Material for the task: Begin

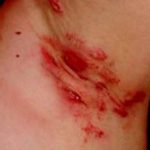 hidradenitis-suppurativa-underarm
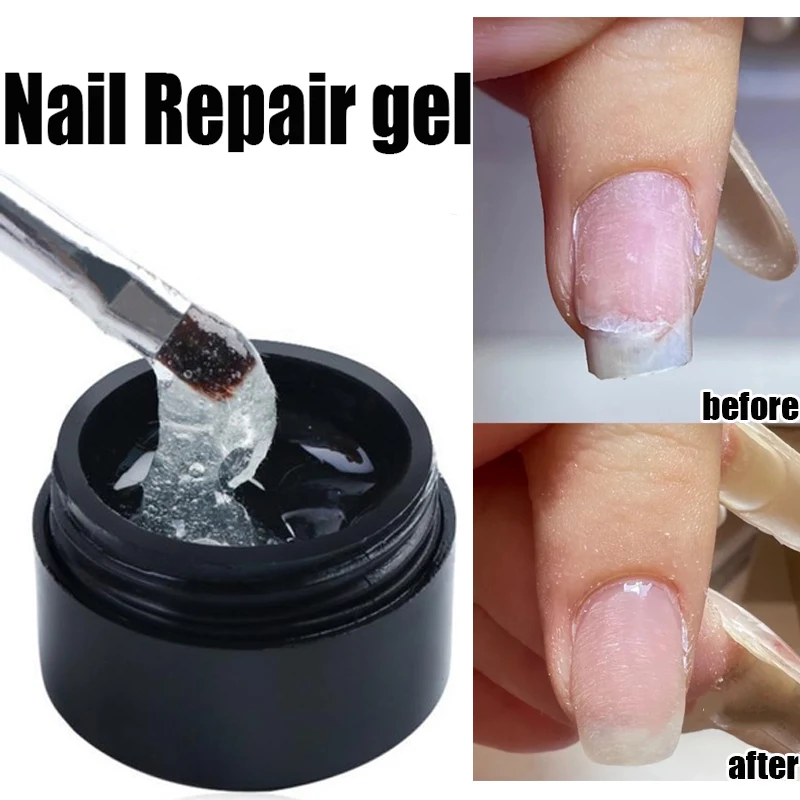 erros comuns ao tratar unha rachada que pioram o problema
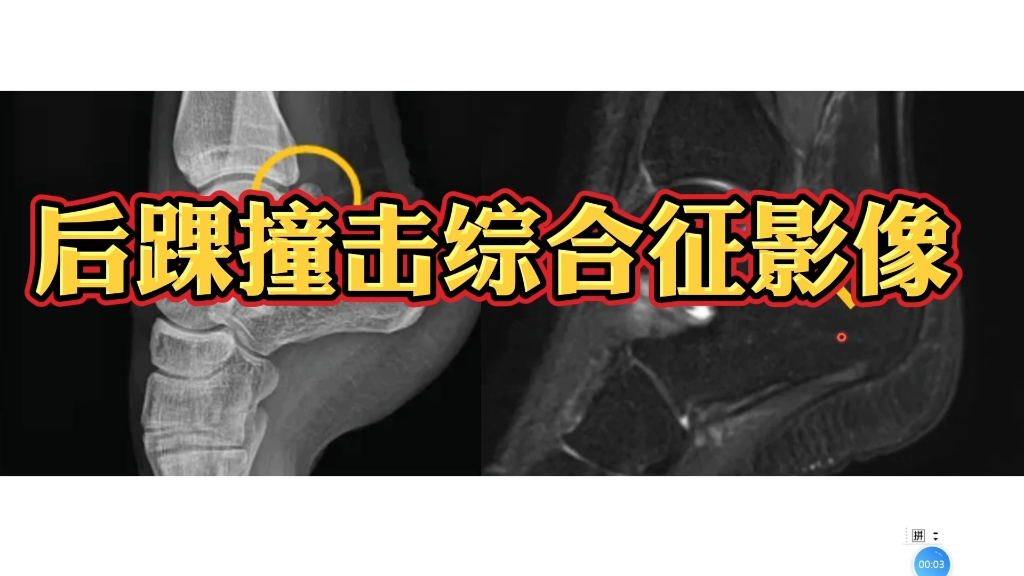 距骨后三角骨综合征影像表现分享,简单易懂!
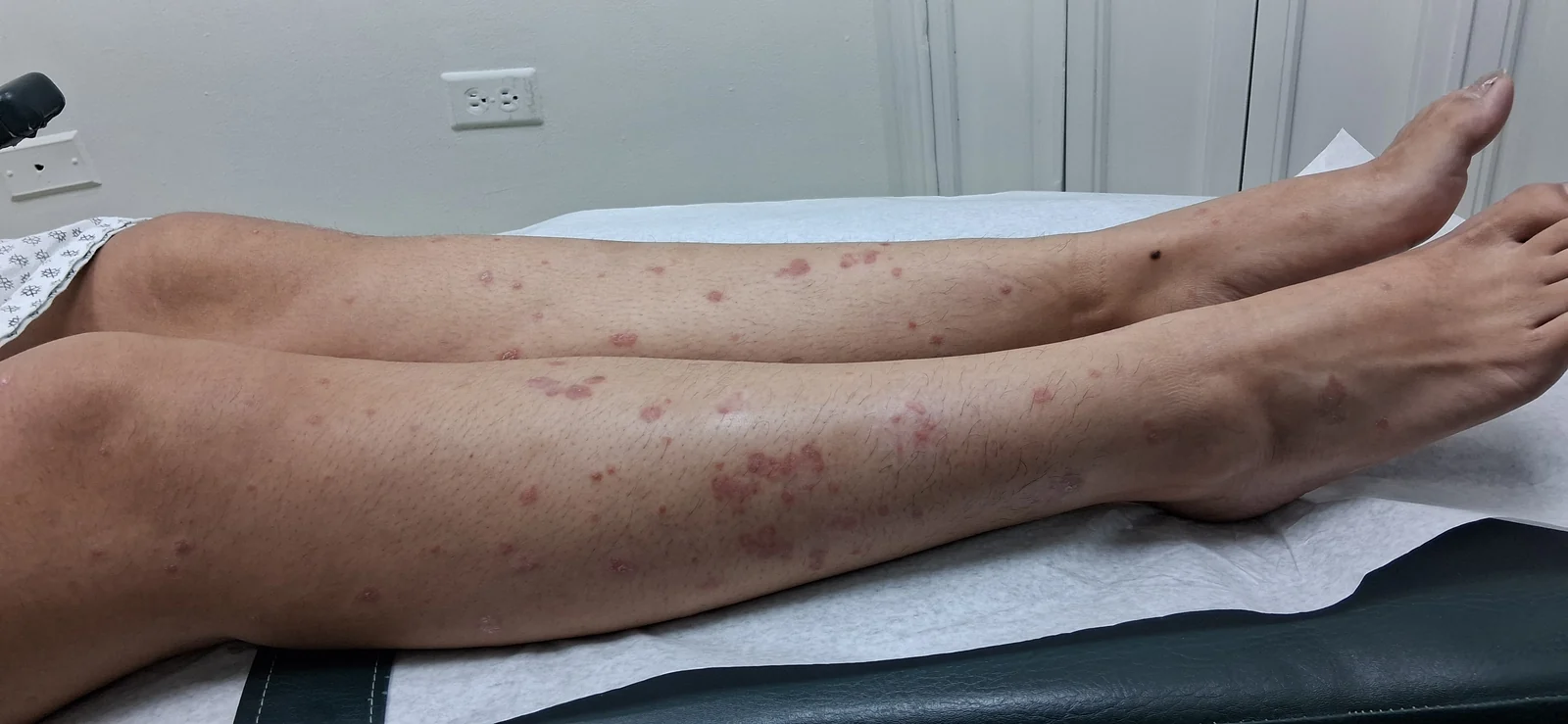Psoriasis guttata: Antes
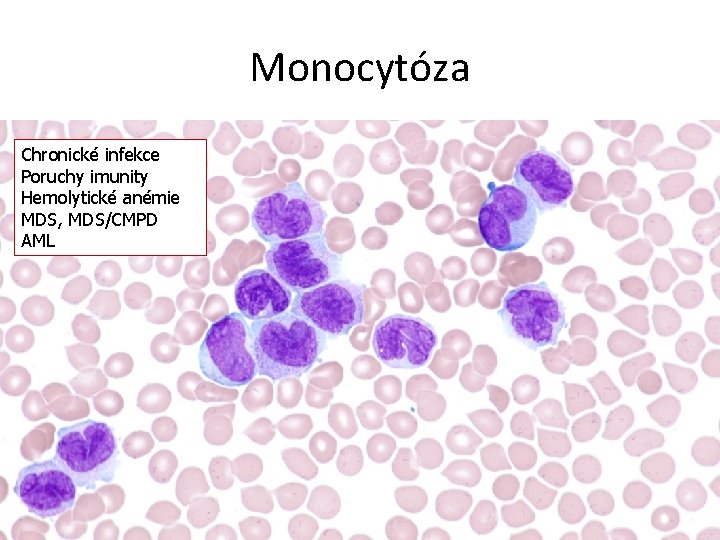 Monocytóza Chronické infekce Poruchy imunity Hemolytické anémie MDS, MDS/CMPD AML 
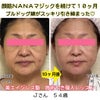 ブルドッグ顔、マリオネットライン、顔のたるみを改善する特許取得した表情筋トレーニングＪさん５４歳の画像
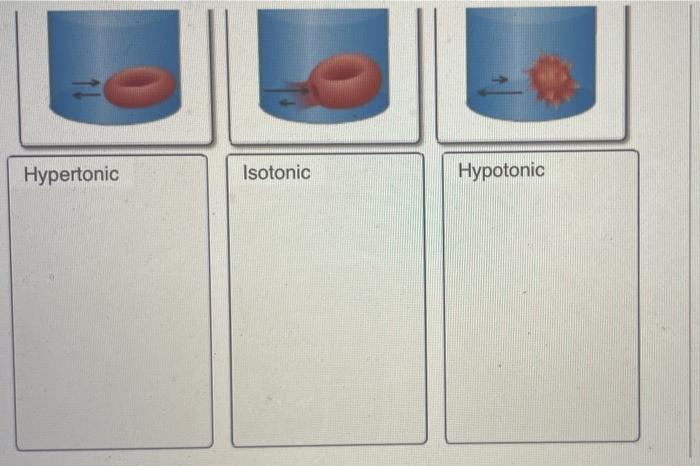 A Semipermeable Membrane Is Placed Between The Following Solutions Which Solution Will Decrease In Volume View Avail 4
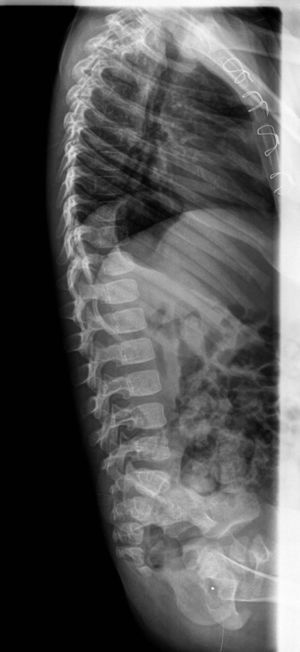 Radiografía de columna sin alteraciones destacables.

Material for the task: End

Problem details — Could you write out every line above exactly as it stands, with no images?

Answer below —
 hidradenitis-suppurativa-underarm
 erros comuns ao tratar unha rachada que pioram o problema
 距骨后三角骨综合征影像表现分享,简单易懂!
Psoriasis guttata: Antes
 Monocytóza Chronické infekce Poruchy imunity Hemolytické anémie MDS, MDS/CMPD AML 
 ブルドッグ顔、マリオネットライン、顔のたるみを改善する特許取得した表情筋トレーニングＪさん５４歳の画像
 A Semipermeable Membrane Is Placed Between The Following Solutions Which Solution Will Decrease In Volume View Avail 4
 Radiografía de columna sin alteraciones destacables.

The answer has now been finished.